Instructions to follow:
Exclude the pictures, then quote exactly the lines from the one holding "Maison à SAINT-PIERRE-DU-VAUVRAY" through the last line of the records.

Extracted information:
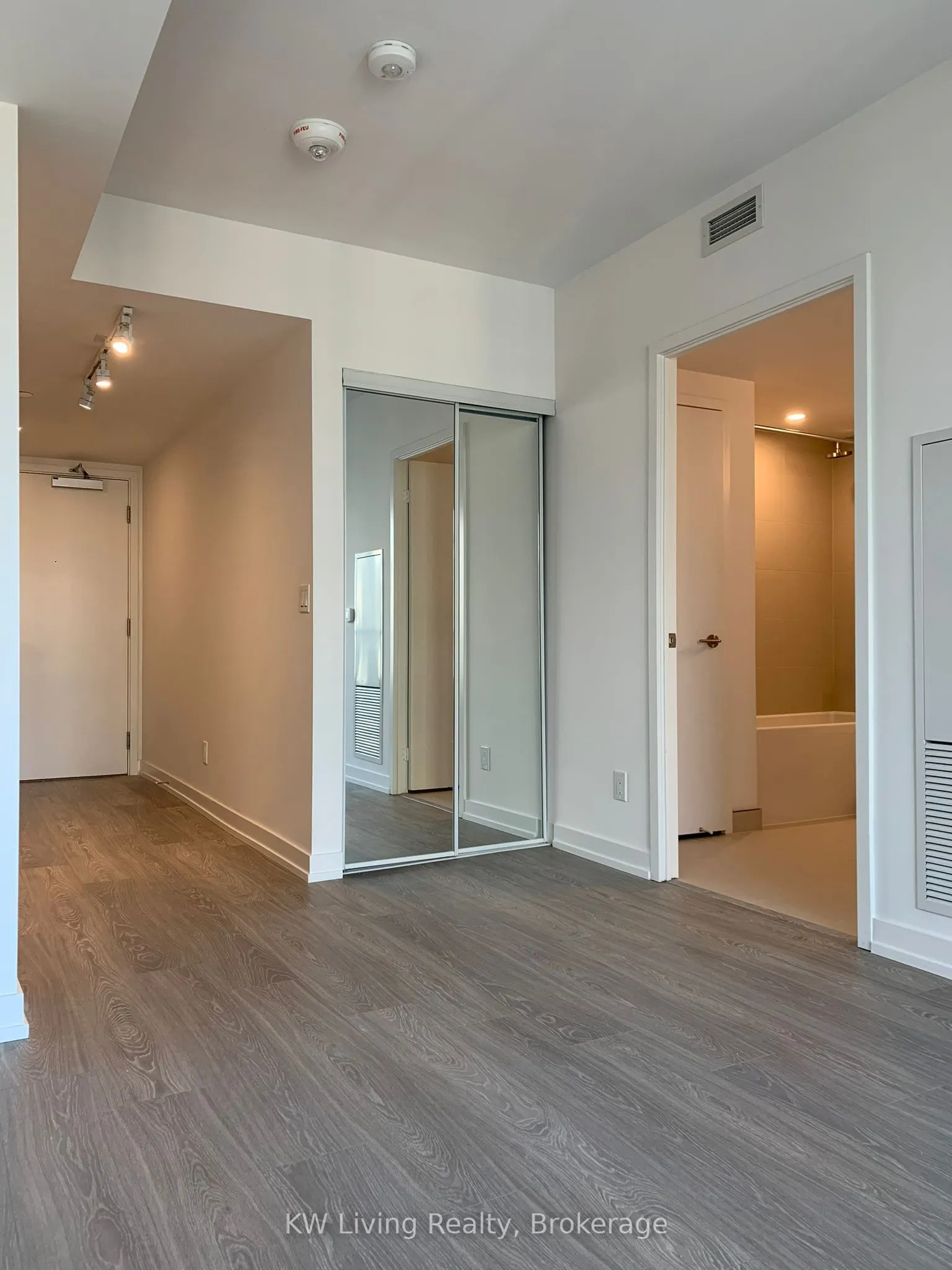 19 Western Battery Road, #3101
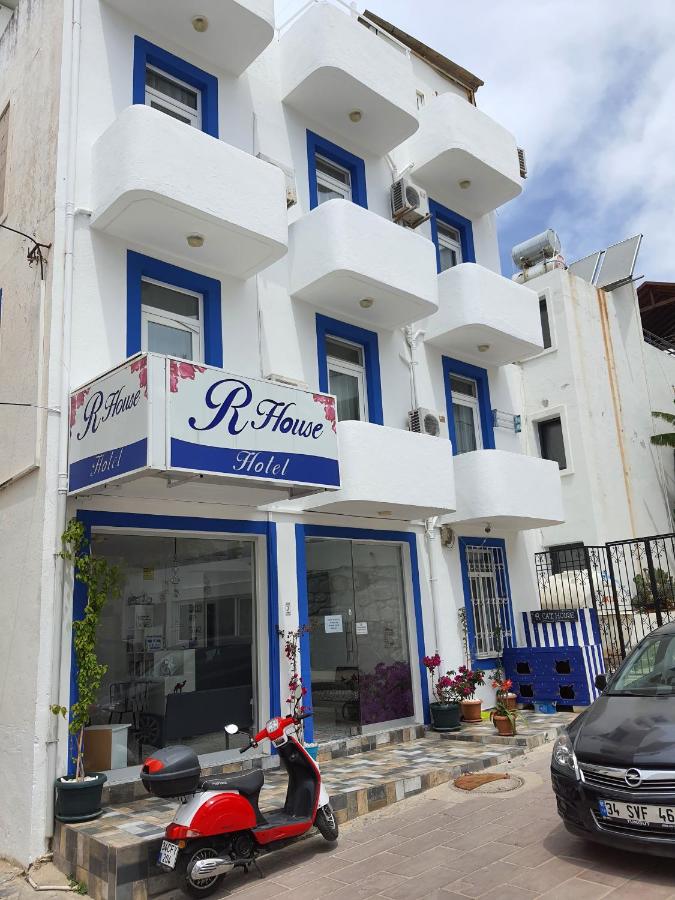 R House Hotel 3*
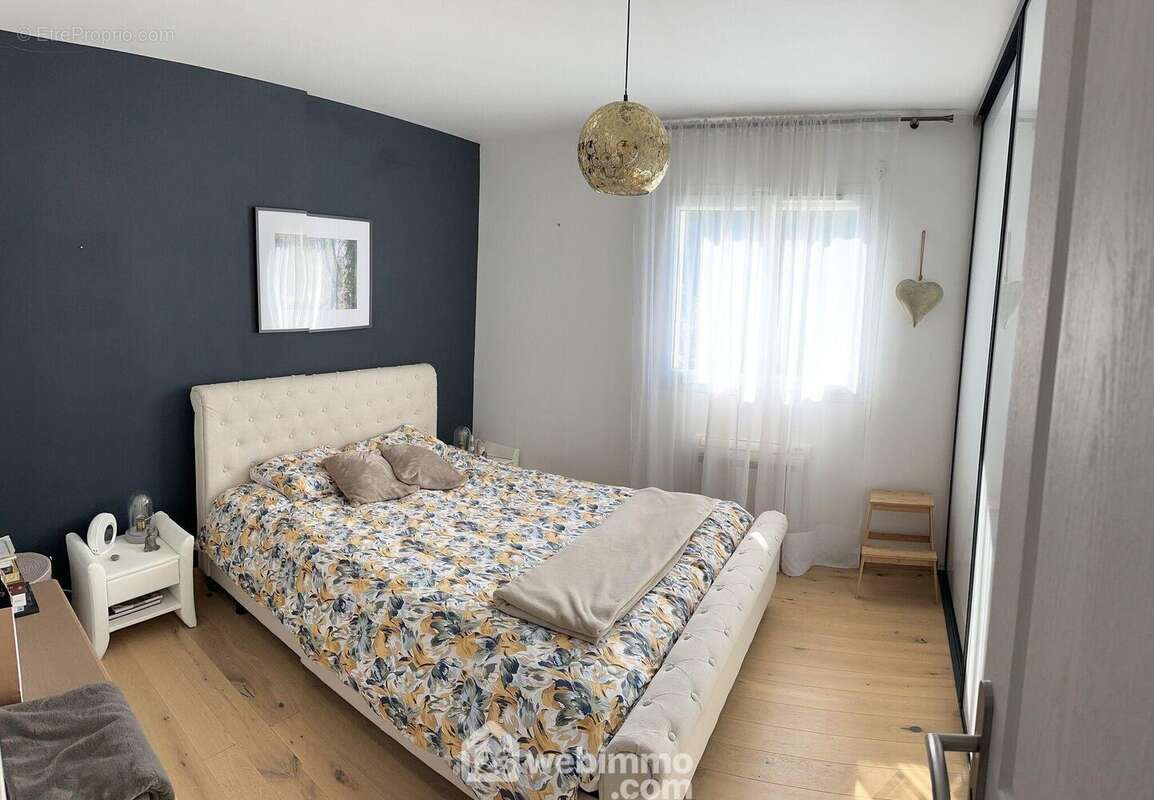 Maison à SAINT-PIERRE-DU-VAUVRAY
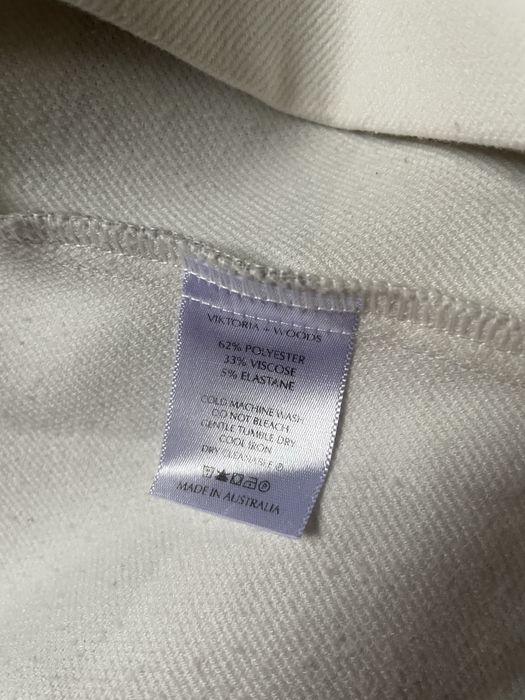 Спідниця жіноча у смужку Viktoria+Woods біла сіра юбка-карандаш довга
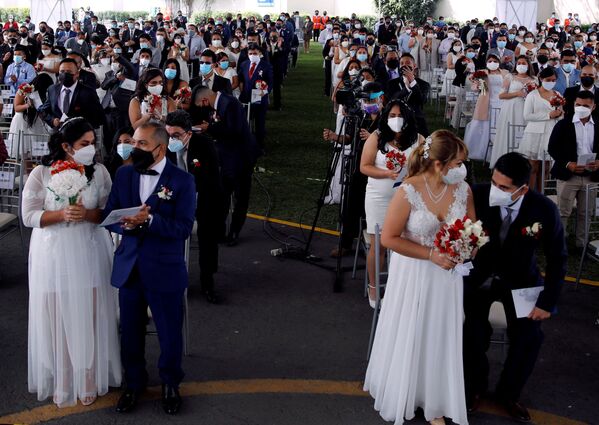 الأزواج خلال أول حفل زفاف جماعي منذ ظهور جائحة فيروس كورونا (كوفيد-19) في ليما، بيرو  28 أغسطس 2021 - سبوتنيك عربي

Result of this exercise:
 Maison à SAINT-PIERRE-DU-VAUVRAY
 Спідниця жіноча у смужку Viktoria+Woods біла сіра юбка-карандаш довга
 الأزواج خلال أول حفل زفاف جماعي منذ ظهور جائحة فيروس كورونا (كوفيد-19) في ليما، بيرو  28 أغسطس 2021 - سبوتنيك عربي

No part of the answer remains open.